I proceeded to quote to Manos the national conservative commentator Quin Hillyer posting on June 2, 2019, lauding my accuracy as he introduced an article I wrote for his blog about the Hitchcock situation, which included EWTN: “The following column is by a superb reporter of my acquaintance, Dexter Duggan, who for years has been calling me for quotes for well-researched articles of his at the Catholic publication The Wanderer. Every time I have dealt with Duggan, he has been meticulously thorough and careful, and I trust him always to get both my words and my context correct.”
I commented to Manos: “Mr. Hillyer is non-Catholic, but he showed more concern for restoring my reputation from Dr. Hitchcock's defamatory book than you Catholics at EWTN do.” I continued, “As long as I am accurate — unlike Dr. Hitchcock — I am completely free to continue informing readers or viewers about his serious inaccuracy, including his having been assisted by EWTN in spreading it.

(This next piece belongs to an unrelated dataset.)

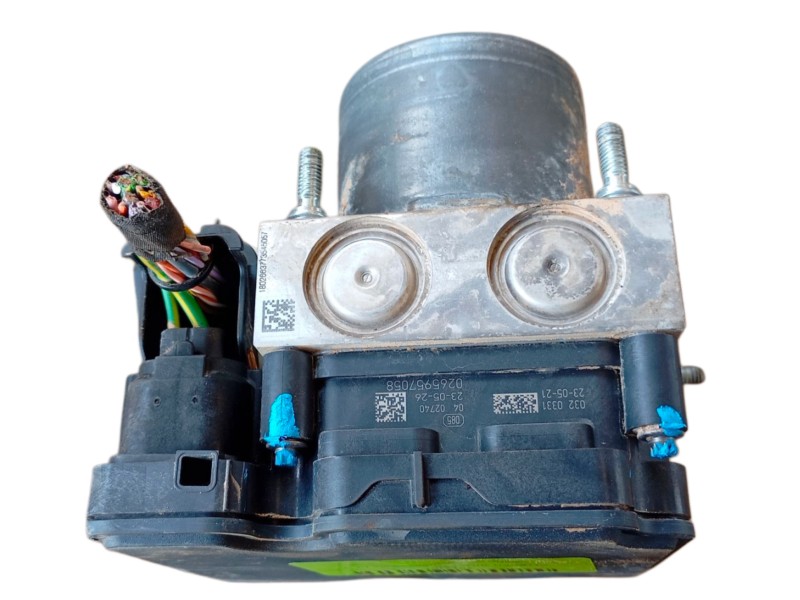 Recambio de abs para citroën jumpy iii furgoneta (v_) 1.5 bluehdi 100 referencia OEM IAM  9840461080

“EWTN rightly should feel embarrassed and defensive about its behavior in this situation,” I said. “Your attempts to make me feel defensive only exacerbate this situation when you should be making it better by showing some Christian contrition.”
Manos didn’t reply. When Catholic blogger Mary Ann Kreitzer, president of the Catholic Media Coalition, strongly wrote to Manos in my defense, he didn’t reply, either. Manos seemed very emphatic at pounding the table until he was shown contrary evidence. Then the “global Catholic” vice president and general counsel fell silent. Not a whisper of apology.
On May 28, 2020, Kreitzer wrote to Manos that “I’ve read numerous of his [Duggan’s] articles and they are all crystal clear about EWTN’s response.” She wrote that EWTN “participated in promoting a slanderous book filled with mistakes, untruths, and, perhaps, deliberate lies. I have no idea what got into James Hitchcock, a man I previously admired, when he targeted Dexter and The Wanderer. His slipshod work certainly damages his reputation as a reputable historian. EWTN’s reputation as a reputable Catholic source for the truth has also been secondarily damaged by Hitchcock. Meanwhile, many colleges who may have been influenced by EWTN’s promotion of the Hitchcock book to purchase it for their libraries are helping to advance the slander…
“Everyone at EWTN should be ashamed over their failure to help restore Dexter Duggan’s good name,” Kreitzer wrote. “I suspect if a similar situation happened to you, Mr. Manos, or any of your colleagues at EWTN, you would be quick to seek redress.”
In December of 2020 my own attorney wrote to Warsaw, with a copy to Manos. Neither of them replied, except for Manos to tell my attorney to write just to him, not to Warsaw. Perhaps the next installment of this that I write will conclude the matter. Or not?